Projects

A Bauplan project encapsulates your data workflows, including models, pipelines, configurations, and dependencies. Organizing your project effectively ensures maintainability, scalability, and ease of collaboration.

To promote clarity and modularity, we recommend structuring your Bauplan projects as follows:

my_bauplan_project/
├── pipelines/
│   ├── pipeline_one/
│   │   ├── models.py
│   │   ├── expectations.py
│   │   └── bauplan_project.yml
│   ├── pipeline_two/
│   │   ├── models.py
│   │   ├── expectations.py
│   │   ├── utils.py
│   │   └── constants.py
│   └── ...
├── data/
│   └── raw/
│       ├── utils.py
└── README.md

Explanation

  • pipelines/: Contains individual pipelines, each in its own subdirectory with dedicated code and configuration. - models.py: Core transformation logic. - expectations.py: Data quality checks. - utils.py, constants.py: Optional helpers used by the pipeline. - bauplan_project.yml: Defines parameters, dependencies, and secrets.

  • data/raw/: Optional folder for raw data references or pipeline-specific data helpers.

  • README.md: Documentation for the overall project.

Best Practices

  • Modular Pipelines: Keep each pipeline self-contained within its directory to facilitate independent development and testing.

  • Documentation: Maintain clear documentation in README.md files for each pipeline and the overall project.

  • Testing: Implement tests for your models and pipelines to ensure correctness and facilitate refactoring.

The bauplan_project.yml Configuration file

Each pipeline should include a bauplan_project.yml file that defines its configuration.
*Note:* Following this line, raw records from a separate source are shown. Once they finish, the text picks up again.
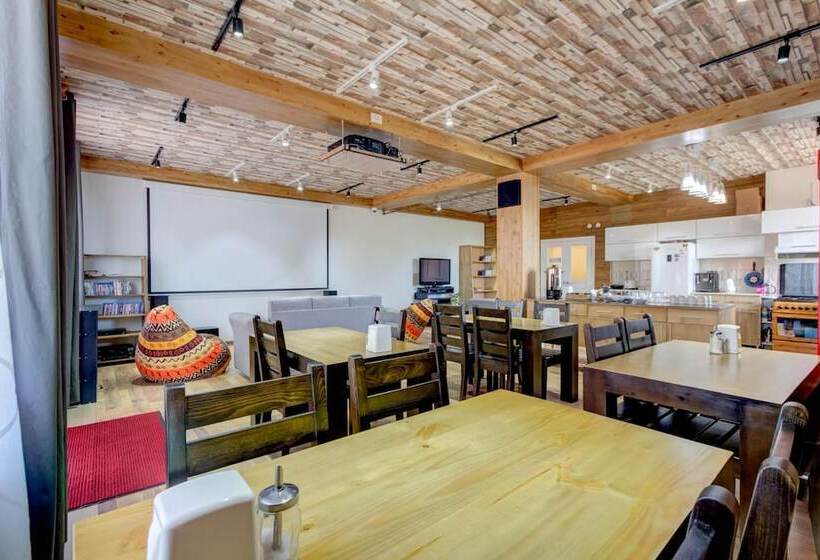 هتل Hillside Karakol B&b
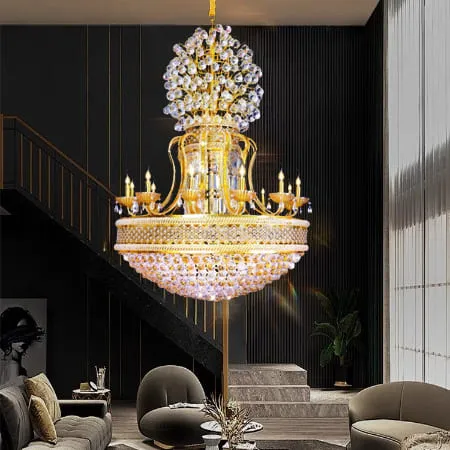 Không gian phòng khách trở nên sang trọng và ấn tượng hơn nhờ hệ thống ánh sáng được thiết kế bài bản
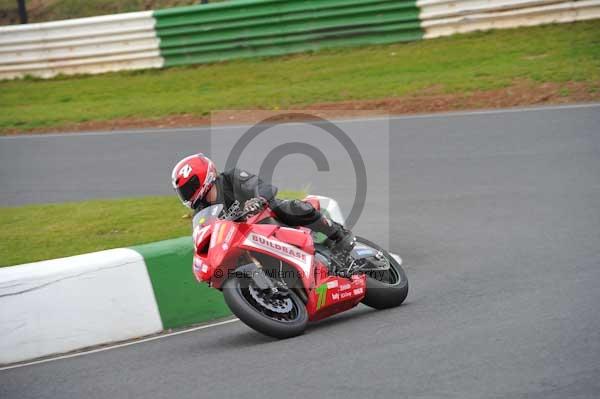 Mallory park Leicestershire;Mallory park photographs;Motorcycle action photographs;Trackday digital images;event digital images;eventdigitalimages;mallory park;no limits trackday;peter wileman photography;trackday;trackday photos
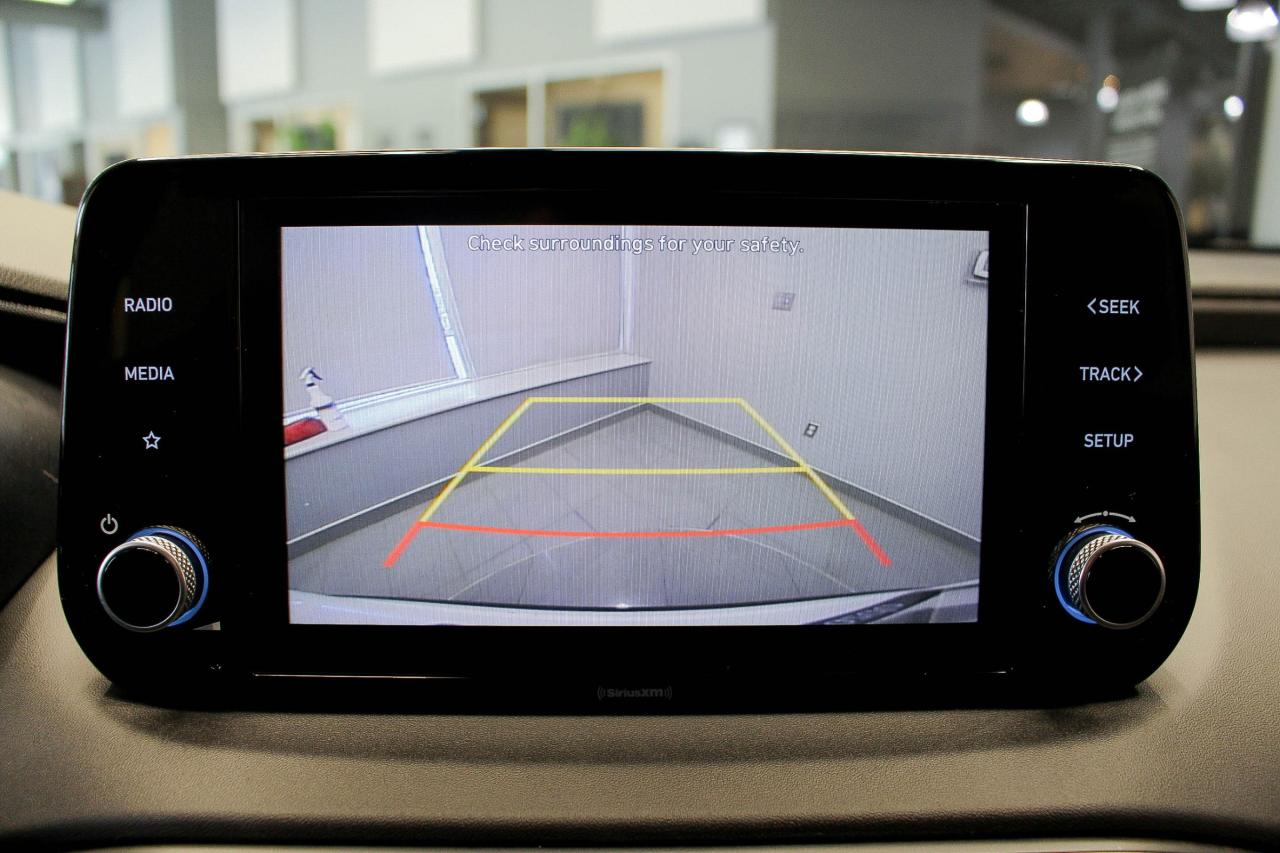 2022 Hyundai Santa Fe Preferred TWO SETS OF TIRES - HEATED SEATS/STEERING WHEEL - CLOTH UPHOLSTERY Photo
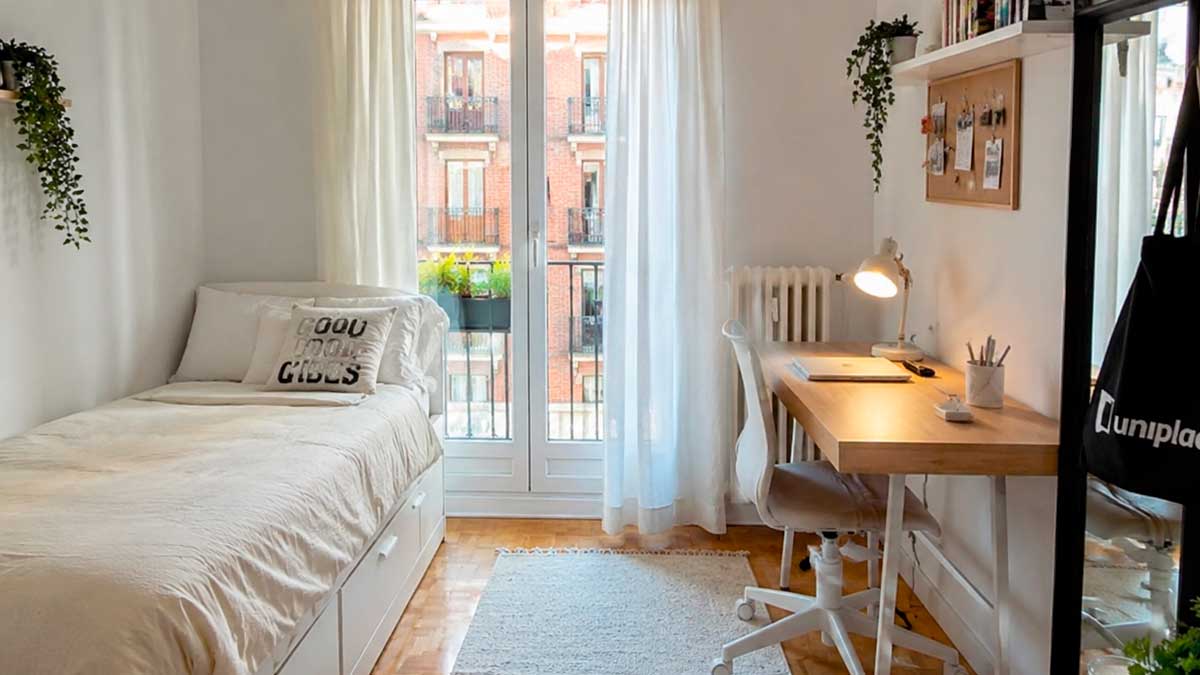 Habitación amueblada en un piso compartido para estudiantes en Madrid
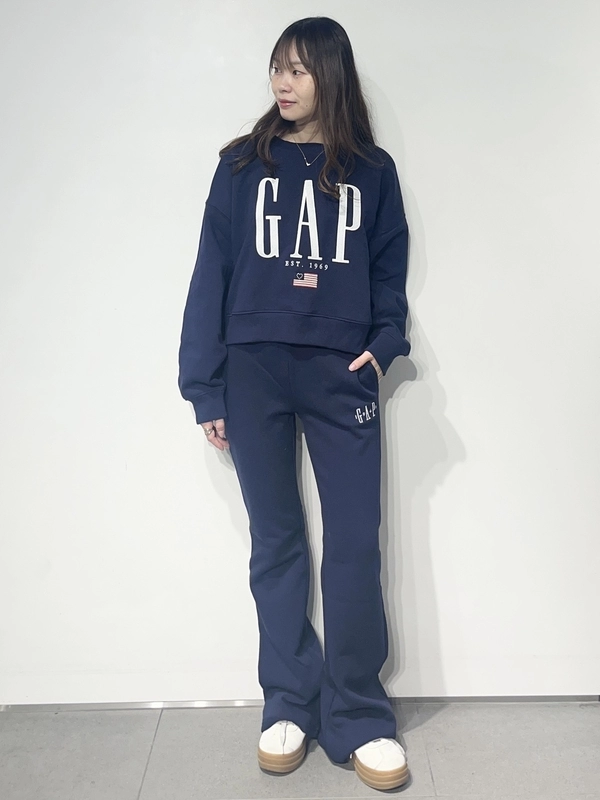 人気上がり中！】NEWスウェットセットアップのスタイリング | Gap公式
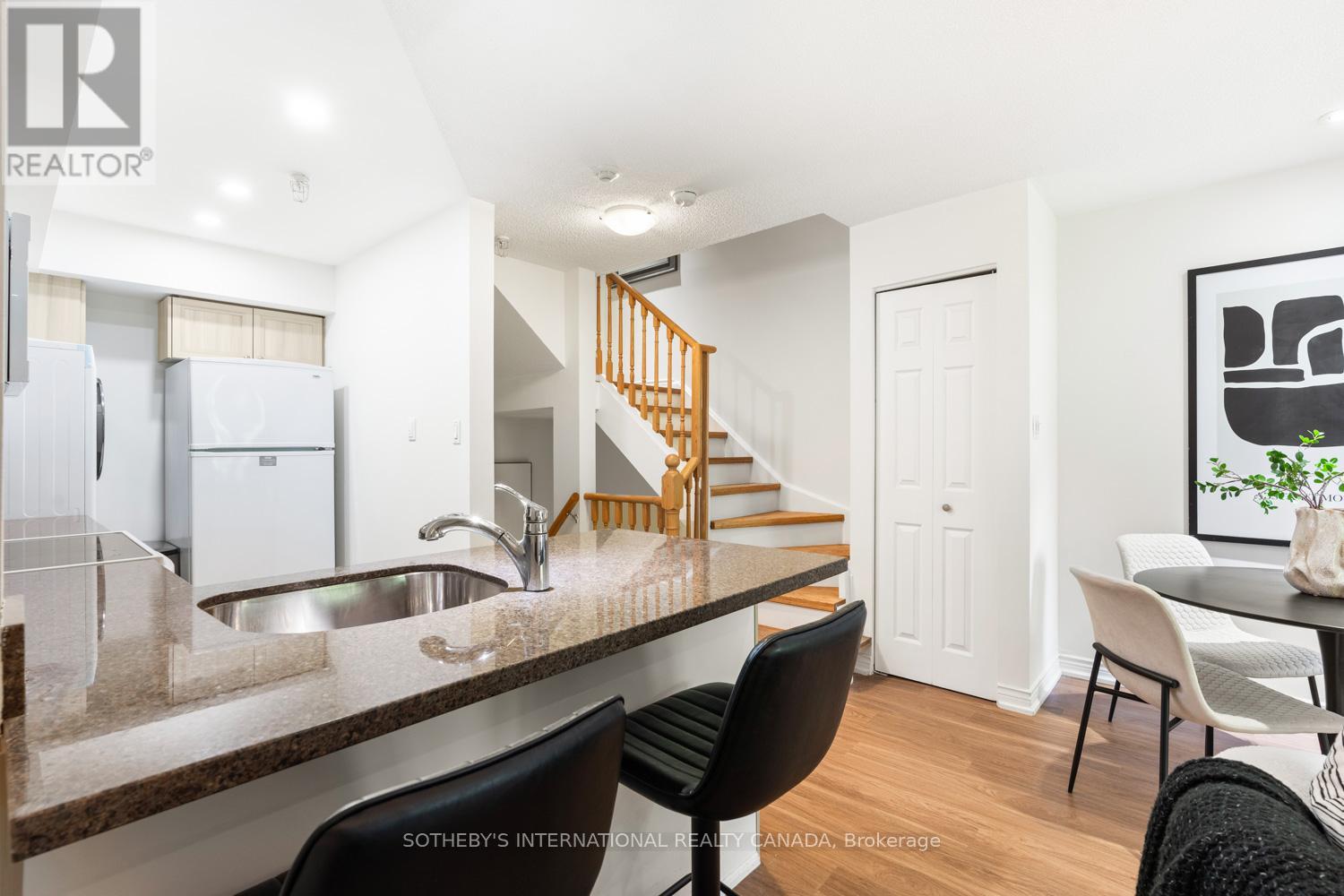 6 - 217 St. George Street, Toronto, Ontario  M5R 3S7 - Photo 17 - C12450533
This file specifies parameters such as the project name, the default Python version, and the secrets.

project:
  id: d290f1ee-6c54-4b01-90e6-d701748f0851
  name: my_pipeline_project

defaults:
  python:
    version: "3.11"
    packages:
      - name: pandas
        version: "2.2.0"
      - name: duckdb
        version: "0.9.2"
  namespace: my-dev-namespace
  timeout: 600

parameters:
  openai_api_key:
    type: secret
    default: ENCRYPTED_BASE64_STRING_HERE
    key: awskms:///arn:aws:kms:us-east-1:123456789012:key/your-kms-key-id

  threshold:
    type: float
    default: 0.9

  enable_debug:
    type: bool
    default: true

Notebooks

Some pipelines benefit from interactive or external components:

  • Apps (e.g., Streamlit) built on top of model outputs.

  • Notebooks used for exploration, debugging, and analysis.

  • Orchestrators (e.g., Airflow, Prefect) used to schedule and monitor the pipelines in production.

We recommend to structure your project like this:

my_bauplan_project/
├── pipelines/
│   ├── customer_segmentation/
│   │   ├── models.py
│   │   ├── bauplan_project.yml
│   │   └── expectations.py
│   ├── airflow/
│   │   └── flow.py            # Orchestration flow and scheduling
│   ├── notebooks/
│   │   ├── analysis.ipynb     # Exploratory analysis or visualizations
│   │   └── test_output.ipynb
│   ├── app/
│   │   └── app.py             # Data appas, e.g. Streamlit
│   └── README.md
├── data/
│   └── raw/
│       └── utils.py
└── README.md

Notebooks and the SDK

Notebooks using the Bauplan Python SDK are excellent for quick inspection and lightweight exploration on your local machine. However:

  • You pay the memory cost locally. Any data returned via client.query() is loaded into the memory of your Notebook or Python process. This is great for small-to-medium datasets, but risky for multi-GB results.

  • Performance is significantly slower than remote execution. Even with efficient streaming (e.g., Arrow Flight), SDK-based retrieval is slower and more resource-intensive than letting the computation run near the data.

Best Practices

  • Use the Notebooks for exploratory workflows, lightweight queries, and output inspection.

  • Keep notebook results small and filtered — use LIMIT or WHERE clauses.

Orchestrators

To productionize your pipelines, you can trigger Bauplan runs from any external orchestrator (e.g., Airflow, Prefect, Dagster).

Requirements for a good orchestrator

  • Flexible inputs: Support for scheduled, manual, or event-driven triggers.

  • Flexible task control: Ability to run subsets of pipelines (e.g., a specific model and its children).

  • Backfills: Easily reprocess historical data.

  • Logging UI: Centralized access to job logs and statuses.

  • Retries: Robust error handling and retries.

Best practices

  • Keep orchestration lightweight: external orchestrators manage when and how your data pipelines run — not to replicate their logic. Invoke Bauplan with the correct ref and parameters and let Bauplan handle execution and data versioning.

  • Store orchestrator config and code (e.g., Airflow DAGs) alongside the relevant pipeline.

  • Use tags or branch naming conventions to trigger runs in dev vs. prod.